In this project, you will experiment with and observe the performance of various sorting algorithms applied to data in different states of organization. Two of the data files will be organized randomly (two different sizes), one will be already sorted, and one will be sorted in exactly in the opposite order of the desired order. You will learn that different sort algorithms have different performance in these different situations

Download and unzip the ZIP file indicated above. It contains the L&C example code for the class "SortingAndSearching" which has multiple sorting methods each of which uses a different algorithm. It contains code for a SortCounter class with a main method that reads a file and sets up its data in an array for sorting by each of the five methods. There are a number of data files as samples for sorting -- the names should be self-explanatory except for mystery.txt.

SortCounter class:

NOTE: DO NOT CHANGE THE OPERATOR INTERFACE IMPLEMENTED IN THIS CLASS. IT MUST BE KEPT AS-IS SO THAT THE GRADER CAN USE A COMMON SCRIPT FOR TESTING EACH STUDENT'S CODE.

Modifications to SortingAndSearching class:

There are attributes and methods to maintain an integer attribute compareCount for the number of comparisons that the sort algorithm makes on the data in each file while sorting it. It also has a memoryCount and maxMemoryCount attributes for the amount of extra memory used by mergeSort. A constructor initializes all attributes to zero. A getCompareCount() method reads the compare counter value (after performing a sort experiment on a file). A resetCompareCount()method resets the compare count to zero prior to doing the next sort experiment.  A getMemoryCount method reads the maximum memory counter after that merge sort method is called. None of the code needed to generate data in these attributes is provided.

You must "instrument" the code of the "SortingAndSearching" class to generate the correct data. Study the code for each sorting method. Identify all places where the code calls compareTo on the data values that are being sorted and add code to increment the compareCount value at those places. Also, add code to the mergeSort method to generate the memoryCount and maxMemoryCount data. Now, run experiments using the supplied data files to characterize the performance of each sort algorithm. Copy and paste the results of your experiments to your report (in memo.txt) to record the data as a baseline.

Study the code for the bubble sort method further. You should have already run experiments that show how well the bubble sort code performs. Now, implement an improvement in the code so that the inner loop keeps track of if a swap is made and the outer loop terminates if the inner loop makes no swaps. That would imply that the data is already sorted. Run experiments that show how well it performs after you make the change. Explain the observed differences from the baseline in your report.

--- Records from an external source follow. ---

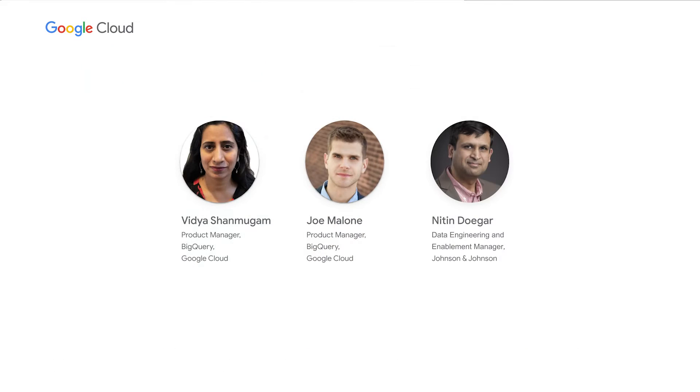I'm Vidya Shanmugam, Product Manager at Google Cloud. I also have with me Joe Malone, Product Manager at Google Cloud, and Nitin Doger, Data Engineering and Enablement Manager at Johnson & Johnson.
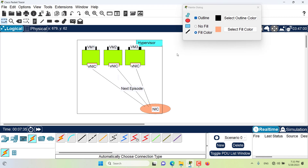Hello and welcome to this episode. In this episode I want to talk about virtual network interface card, or VNIC. I have an illustration here showing a hypervisor. The hypervisor is the real computer — it has the physical aspects: the hardware, the network interface card, the RAM, the CPU, and everything physical is basically on the hypervisor.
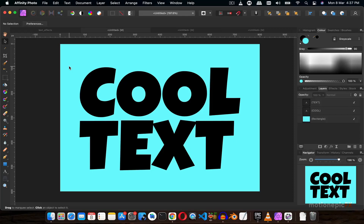Hey, welcome back to the channel. In today's video, I'm going to show you how you can create three really cool text effects for your thumbnails inside Affinity Photo.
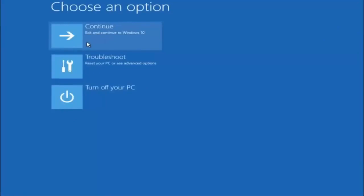I hope one of these three or four different methods we went through in this tutorial helped you out. Also, try going back into Safe Mode if possible and uninstalling any programs you know might be conflicting with the Windows startup. Something simple like that could be blocking everything up. I hope this tutorial helped and I'll catch you in the next one. Goodbye.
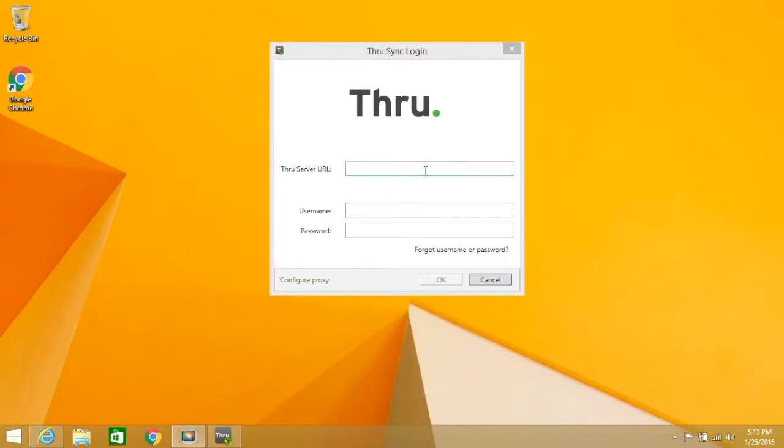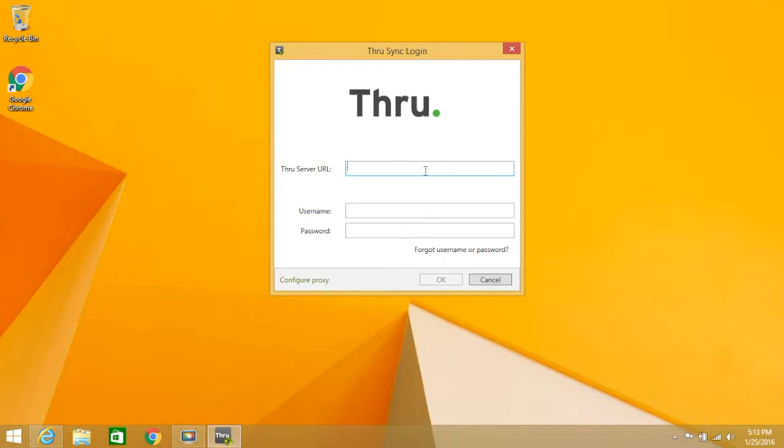This video will show you how to get started with Thru Desktop Sync. Desktop sync allows you to synchronize specific folders from Thru directly to a folder on your desktop.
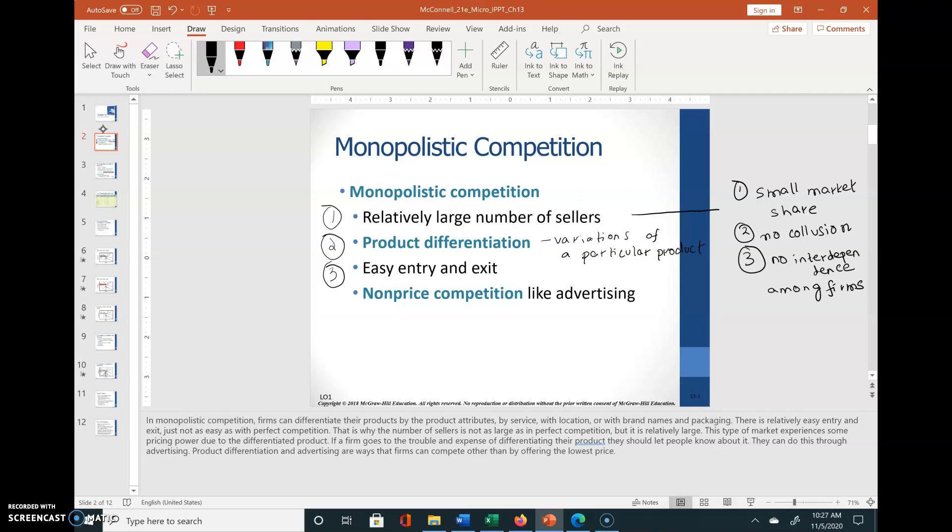If the industry is unprofitable, firms can definitely exit. So characteristics one and three are shared with perfectly competitive market structure, and characteristic two — product differentiation — is the distinguishing characteristic of a monopolistically competitive market structure.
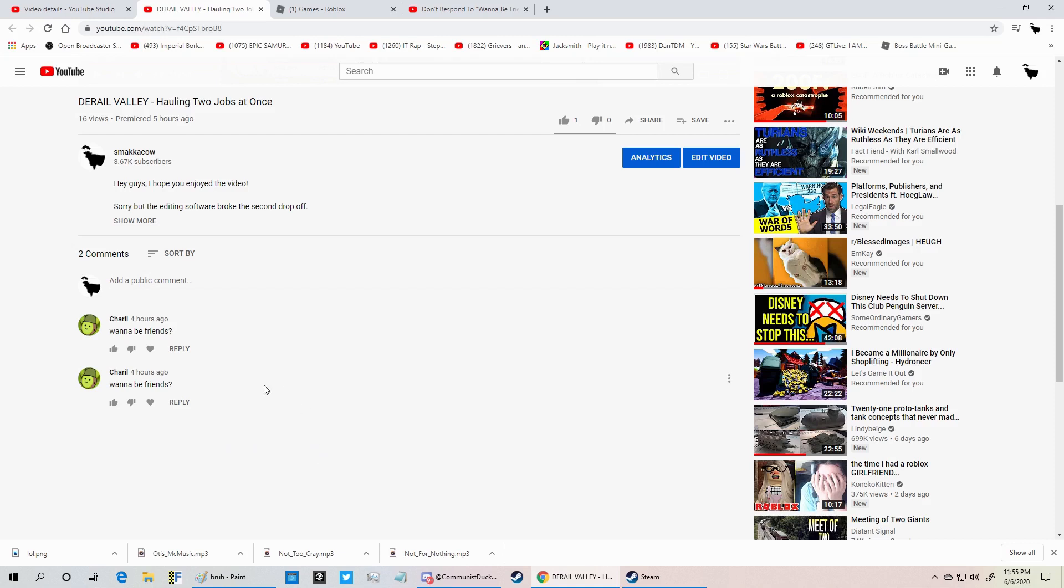He may delete your videos and start commenting and uploading BS things and stuff like that.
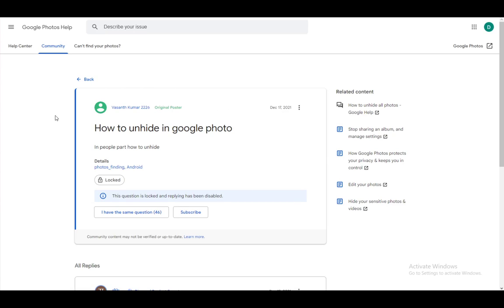Hey guys, what is going on? I hope you guys are all doing well, and welcome to another tutorial video. In this video, I'll be showing you guys how you can hide or unhide people in Google Photos, so let's get right into it.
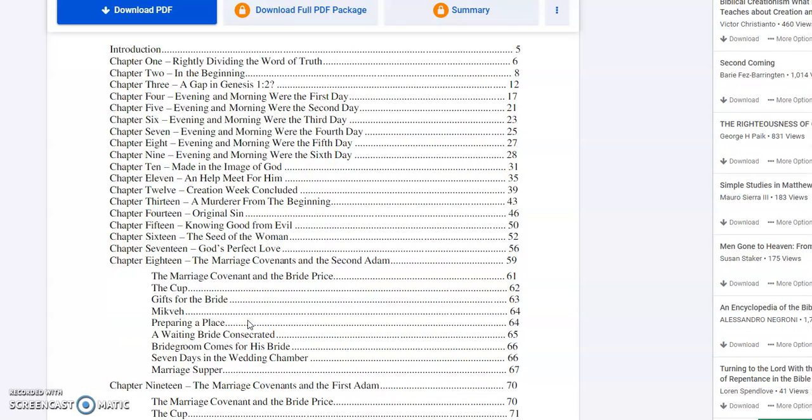Through one man's sin, death entered the world, and then obviously Jesus the second Adam came to repair the broken relationship that the first Adam's sin created and come offer that way back to God. So you have the first Adam from perfection to the fall, and the second Adam from fall back to perfection.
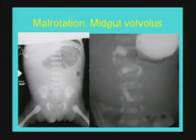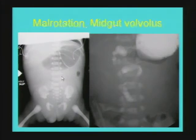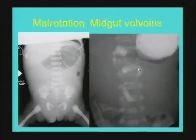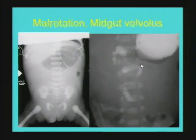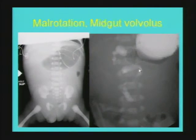An example of malrotation: a plain film showing a distended air-filled stomach and nonspecific absence of air in the rest of the abdomen in a child presenting with bilious emesis. An upper GI series confirms a low-lying duodeno-jejunal junction, just crossing over the midline and lying to the left of the spine. This was a case of malrotation. Note that midgut volvulus may not always be encountered depending on the stage at which imaging is done; in this patient it was not encountered.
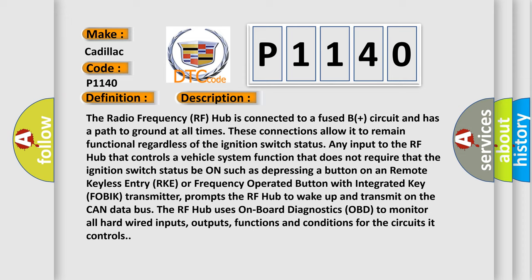Any input to the RF hub that controls a vehicle system function that does not require that the ignition switch status be on, such as depressing a button on a remote keyless entry RKE or frequency operated button with integrated key FOBIK transmitter, prompts the RF hub to wake up and transmit on the CAN data bus.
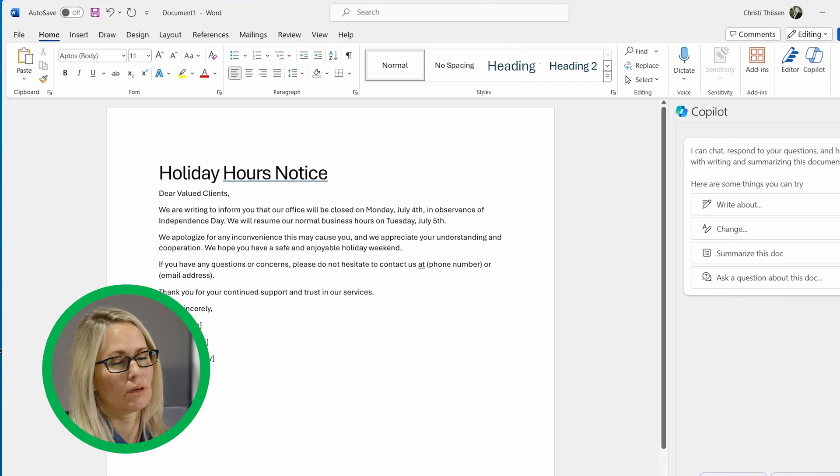So you can ask a question about this document and it will give you an answer. But this little icon over here is actually working inside the document. So that's why it pulls it up and says, let's draft a document or reference a file and that kind of stuff.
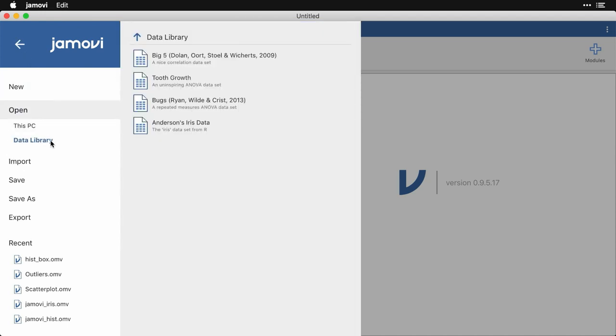The one you want is data library, and it comes with four data sets that are ready for you to work with.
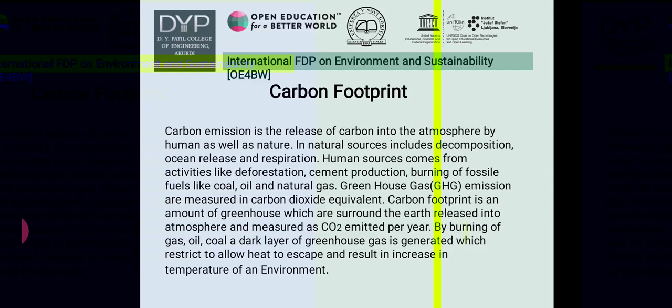Greenhouse gas emissions are measured in carbon dioxide equivalent. Carbon footprint is the amount of greenhouse gases surrounding the earth released into the atmosphere, measured as CO2 emitted per year. By burning gas, oil, and coal, a dark layer of greenhouse gas is generated which restricts heat from escaping, resulting in an increase in the temperature of the environment.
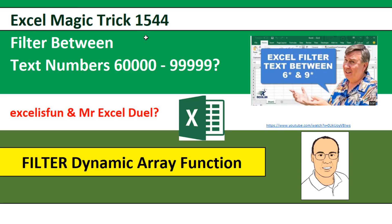Welcome to Excel Magic Trick number 1544. Hey, we want to see how to filter between the text numbers 60,000 to 99999.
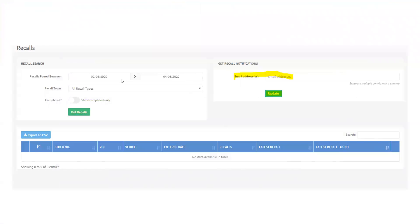So once you click that button, your screen will look like this. And over here is where you're going to put your email address in and click update. So that is how they will know to send you an email every day and what to send it to.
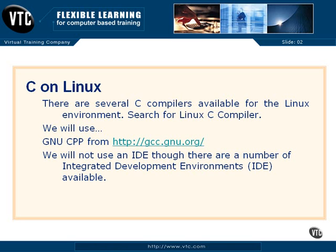It's Ubuntu, U-B-U-N-T-U. It's another distribution or distro of Linux. So we'll switch over to that, and I'll show you what you can do inside Linux to confirm or at least upgrade the C compiler that you have there.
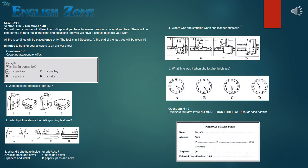And you will have to answer questions on what you hear. There will be time for you to read the instructions and questions, and you will have a chance to check your work. All the recordings will be played once only. The test is in four sections. Write all your answers in the listening question booklet. At the end of the test, you will be given ten minutes to transfer your answers to an answer sheet.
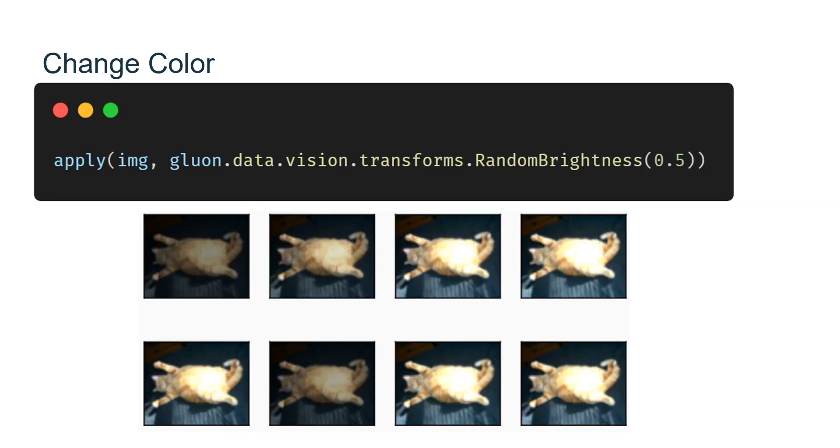Another augmentation method is changing colors. We can change four aspects of the image color: brightness, contrast, saturation, and hue. In the example below, we randomly change the brightness of the image to a value between 50% and 150% of the original image.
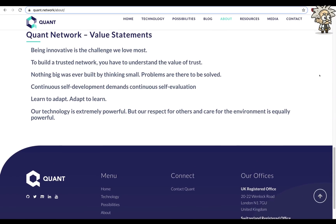Their value statements: being innovative is the challenge we love the most. To build a trusted network, you have to understand the value of trust. Nothing big was ever built by thinking small. Problems are there to be solved. Continuous self-development demands continuous self-evaluation. Learn to adapt, adapt to learn. Our technology is extremely powerful, but our respect for others and care for the environment is equally powerful.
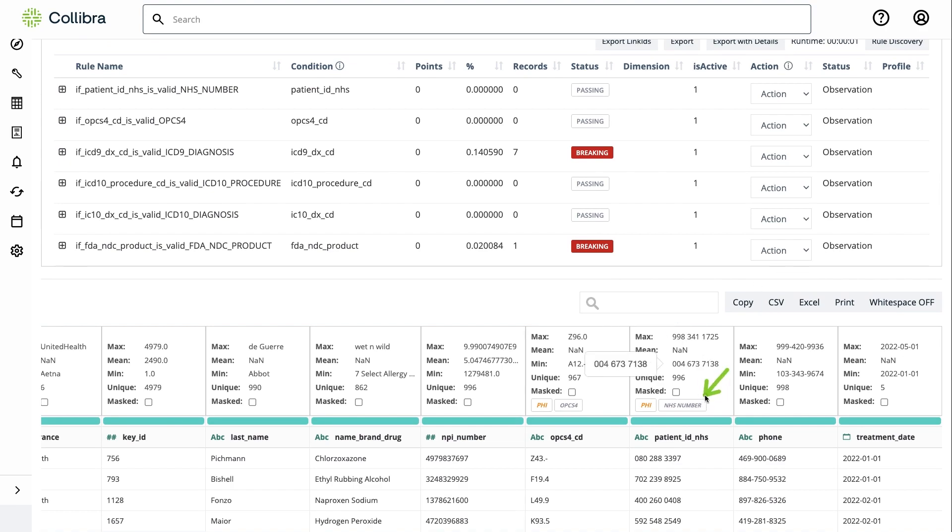First, it will tag those columns where there's a proper match, and second, it will execute those rules automatically and see if there's any breaking records.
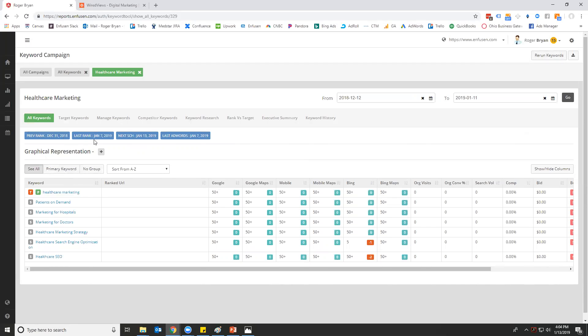It'll show you when it's doing the changing rank between previous and last, the next scheduled. And then there is some AdWords data in here, plus search volume and things like that that was last updated on that date. All right, thank you.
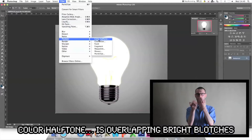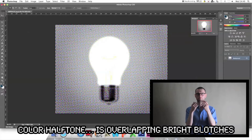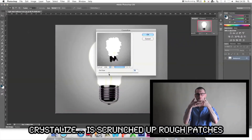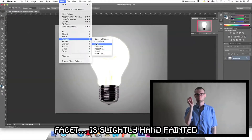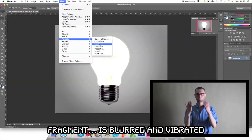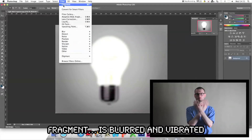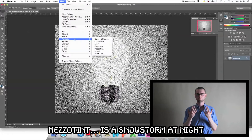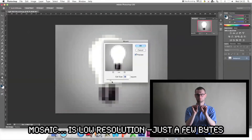Colour Half Tone is overlapping bright blotches. Crystallise is scrunched up rough patches. Facet is slightly hand painted. Fragment is blurred and vibrating. Mezotin is a snowstorm at night. Mosaic is low resolution.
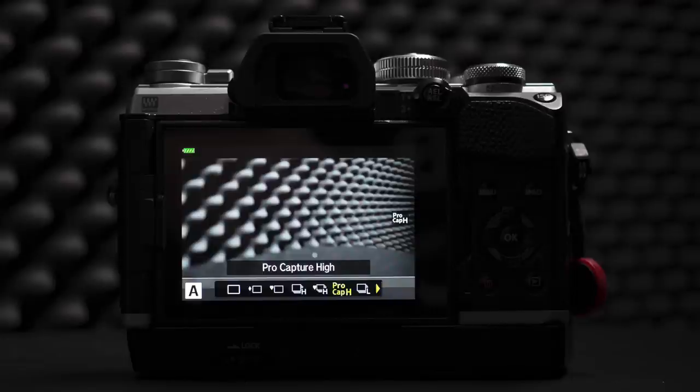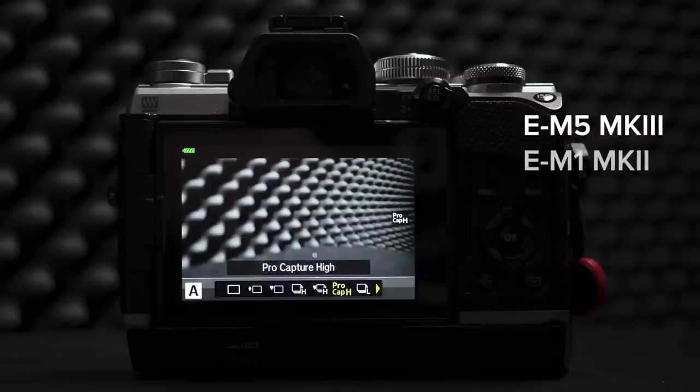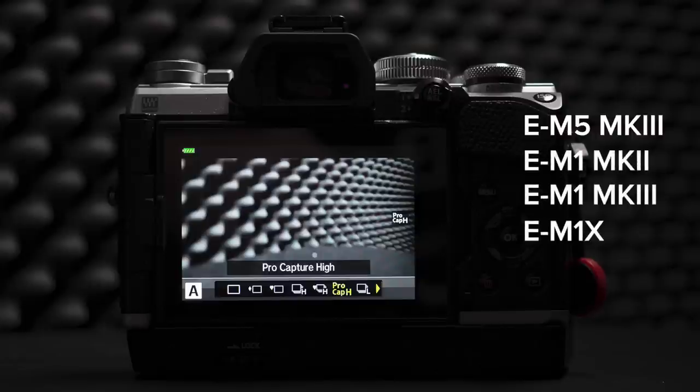Some Olympus cameras have pro capture — those cameras are the EM5 Mark III, EM1 Mark II, EM1 Mark III, and EM1X. What pro capture does is: when you press the shutter button halfway, it starts buffering images into the camera's memory. When you press the shutter button all the way down, it stores those images that were pre-captured before you actually took the first image. This is a very useful feature for capturing a perfect moment, like a bird starting to fly or landing.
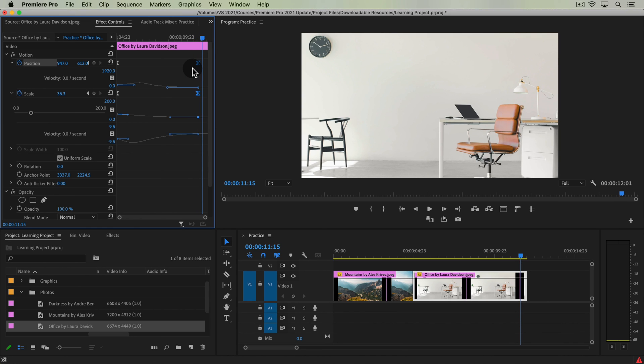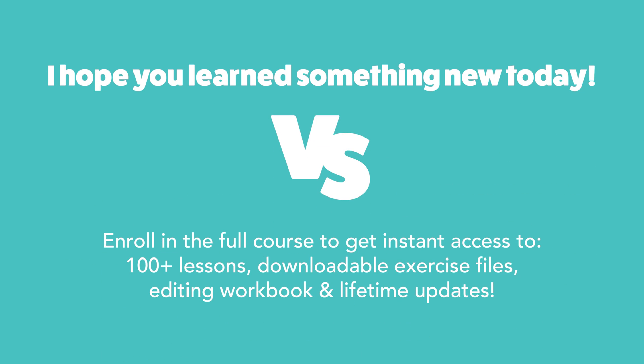So that's the Ken Burns effect and a couple of advanced tips for playing with the timing of your keyframes. I hope this helps you and we'll see you in another video.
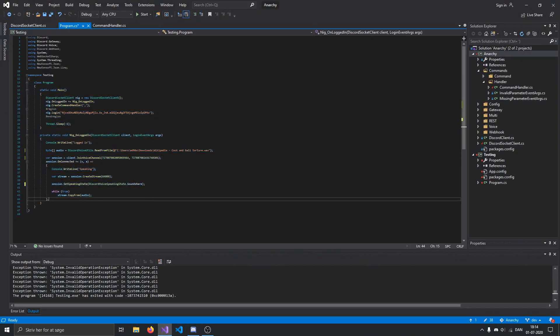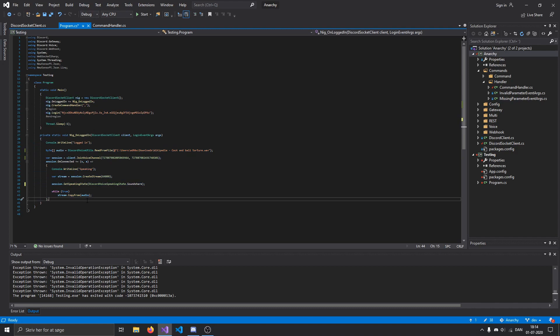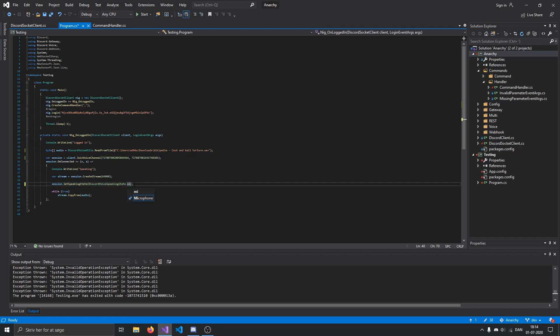So I just wrote this little bot here that logs into the account and then plays audio in a server. But I was like, wait, what if we change the default microphone flag here to sound share, right?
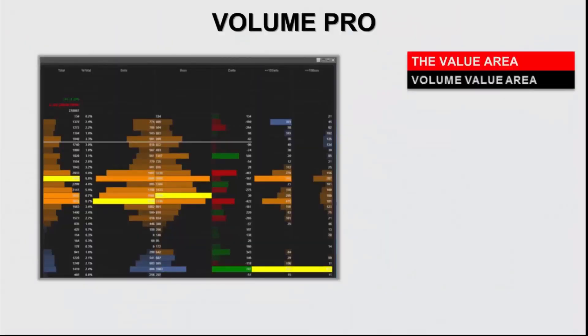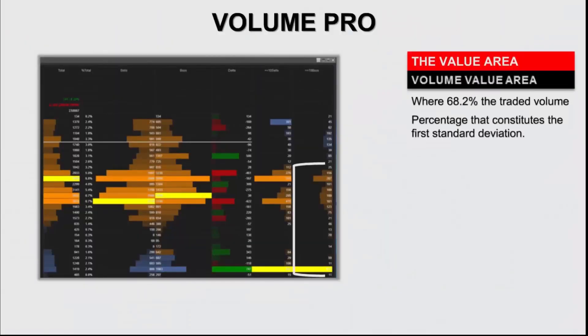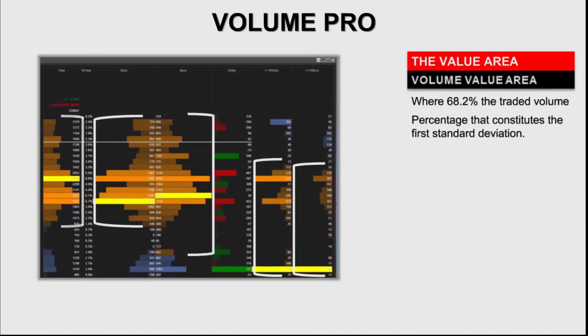What is the volume value area? The volume value area is where 68.2% of the volume traded is present. Why 68.2%? Because 68.2% is the percentage that constitutes the first standard deviation in a normal distribution, or a Gaussian distribution. While standard deviation by itself asks the question how is the data distributed along the mean, with value area it's a little bit different.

Study the code for the quick sort method further. You should have already run experiments that show how well the quick sort code performs. Now, implement the suggestion made in the lecture notes to select the middle element instead of the first element as the partition element. Hint: Swap the middle element and the first element before doing the rest of the sort. Run experiments that show how well it performs after you make the change. Explain the observed differences from the baseline in your report.

Study the code for the merge sort method further. You should have already run experiments that show how well the merge sort code performs and display the amount of extra memory it used. Now, implement the suggestion made in the lecture notes to use less memory by allocating memory for the merge process after the recursive calls instead of before the recursive calls. Don't forget to move the code for measuring the memory use data. Explain the observed differences from the baseline in your report.

Experimenting and Reporting:

The zip file also contains some test data files that present different situations for sorting. Any file named random contains data that is not in any sorted order. Any file named sorted contains data that has previously been sorted in the same order that the algorithms will be trying to sort the data. Any file named reverse contains data that has previously been sorted in exactly the opposite order from the order that the algorithms will be trying to sort the data. Sort the file mystery.txt and try to figure out what problem it causes for one of the algorithms. Include your conclusion in your report.

Gather your experimental test results and discuss your observations/conclusions in your memo.txt report file. You must discuss your observations relative to the expected theoretical behavior of each algorithm based on Big-O notation. Include copy and paste results of your runs from the DrJava interactions window into memo.txt to provide supporting evidence for your discussion and your conclusions.